THE METABOLISM OF ICI 118,587, A PARTIAL AGONIST OF BETA-1-ADRENOCEPTORS, IN MICE, RATS, RABBITS, DOGS, AND HUMANS

Abstract

The absorption, metabolism and excretion of 14C-labeled xamoterol (ICI 118,587) [a cardiac stimulant] were examined in mice, rats, rabbits, dogs and humans. There was incomplete absorption by all species after oral administration, ranging from 9% by humans to 36% by dogs. Most of the absorbed radioactivity was eliminated within 24 h of adminstration and the renal route predominated. Conjugates of the parent compound were the only observed metabolites in urine, the phenolic glucuronide being the principal animal metabolite and the phenol sulfate being the only human metabolite. There were marked interspecies variations in metabolite patterns and dogs were the only animal species in which the sulfate metabolite was detected. Comparison of the urinary metabolite patterns also showed higher output of the conjugates after oral administration than after i.v. administration, indicating that first pass metabolism was taking place.

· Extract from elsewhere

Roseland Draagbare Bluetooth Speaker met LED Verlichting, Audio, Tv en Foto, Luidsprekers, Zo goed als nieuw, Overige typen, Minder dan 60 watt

Little significant change in absorption or metabolism was seen over a range of oral doses; in rats, some saturation of the glucuronide-conjugating mechanism was observed but the sulfate-conjugating mechanism showed little, if any, diminished capacity at high dose levels in dogs. The use of fast atom bombardment mass spectroscopy for the determination of the MW of conjugates is described.